When Existing Techniques Preserve Differential Privacy
It is no secret that online companies, hospitals, credit-card companies and governments hold massive datasets composed of our sensitive personal details. Information from such datasets is often released using some privacy preserving heuristics, which have been repeatedly shown to fail. That is why in recent years the notion of differential privacy has been gaining much attention, as an approach for conducting data-analysis that adheres to a strong and mathematically rigorous notion of privacy. Indeed, many differentially private analogs of existing data-analysis techniques have already been devised. These are, however, new algorithms, that require the use of additional random noise on top of existing techniques.

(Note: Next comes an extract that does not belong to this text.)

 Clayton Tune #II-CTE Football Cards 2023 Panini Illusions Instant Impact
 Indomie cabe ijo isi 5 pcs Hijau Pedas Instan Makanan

In this talk we will demonstrate how existing techniques, that were developed independently of any privacy consideration, preserve differential privacy by themselves --- when parameters are properly set. The main focus of the talk will be the Johnson-Lindenstrauss Transform, which preserves differential privacy provided the input satisfies some ``well spread'' properties. We will discuss applications of this algorithm in approximating multiple linear regressions and in statistical inference. Moreover, focusing on linear regression, we will exhibit additional techniques that preserve privacy: regularization, addition of random datapoints and Bayesian sampling.
(Time permitting, we will survey a very different technique, de-noising neural networks, that also aligns with the definition of differential privacy in the local model.)
The talk is self-contained and no prior knowledge is assumed.